> [GIVEN INFORMATION]
═══
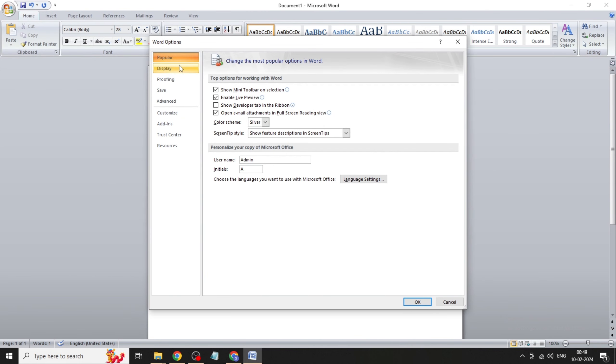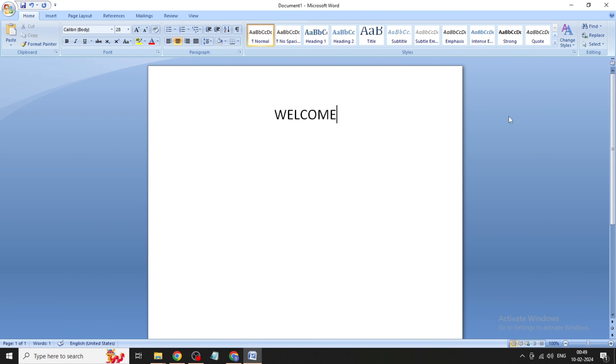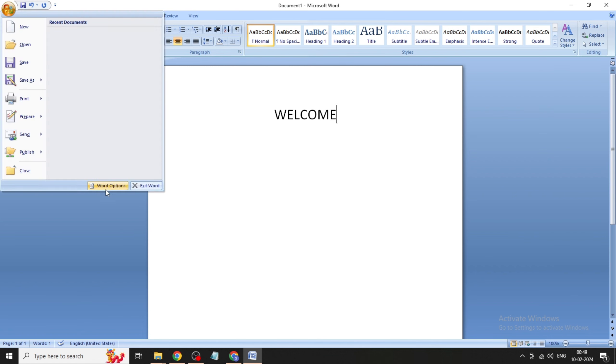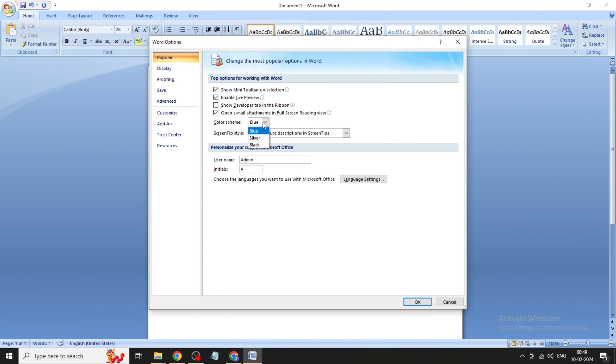Click on Black — you can click on Colorful also. Click OK and restart your computer. That's it, thanks for watching.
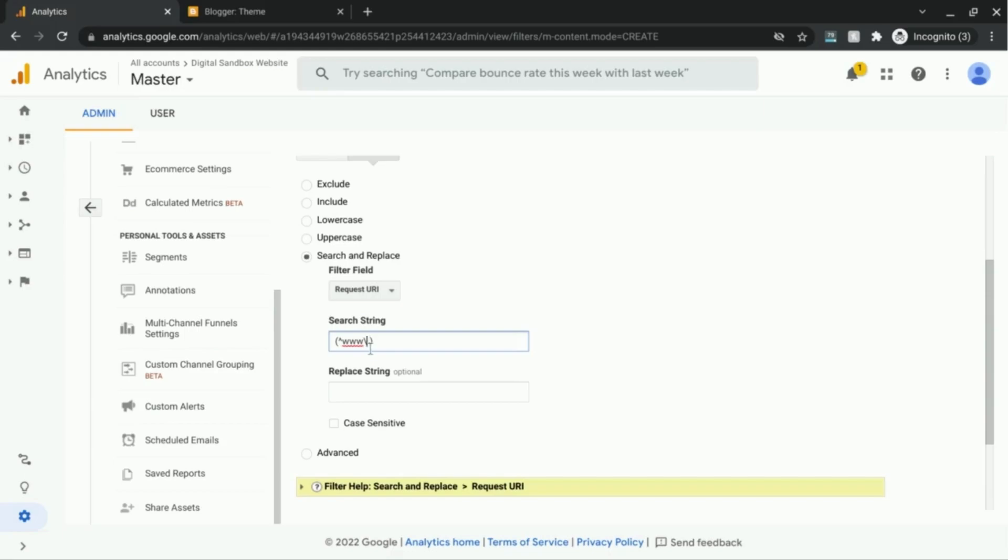We just want to look for the www and then a literal period. So that's why we're using this escape character.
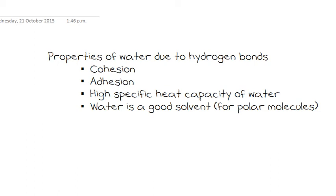All of these are due to hydrogen bonds between water molecules. The IB expects you to be able to explain each of these in terms of the hydrogen bonds. And these are the properties that allow life to exist on Earth. These are the properties of water that enable life on Earth to exist.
═══
> [EXERCISE REQUIREMENTS] Return the listing above in an exact copy that leaves out the images.

> [TASK RESULT]
Click on Black — you can click on Colorful also. Click OK and restart your computer. That's it, thanks for watching.
We just want to look for the www and then a literal period. So that's why we're using this escape character.
All of these are due to hydrogen bonds between water molecules. The IB expects you to be able to explain each of these in terms of the hydrogen bonds. And these are the properties that allow life to exist on Earth. These are the properties of water that enable life on Earth to exist.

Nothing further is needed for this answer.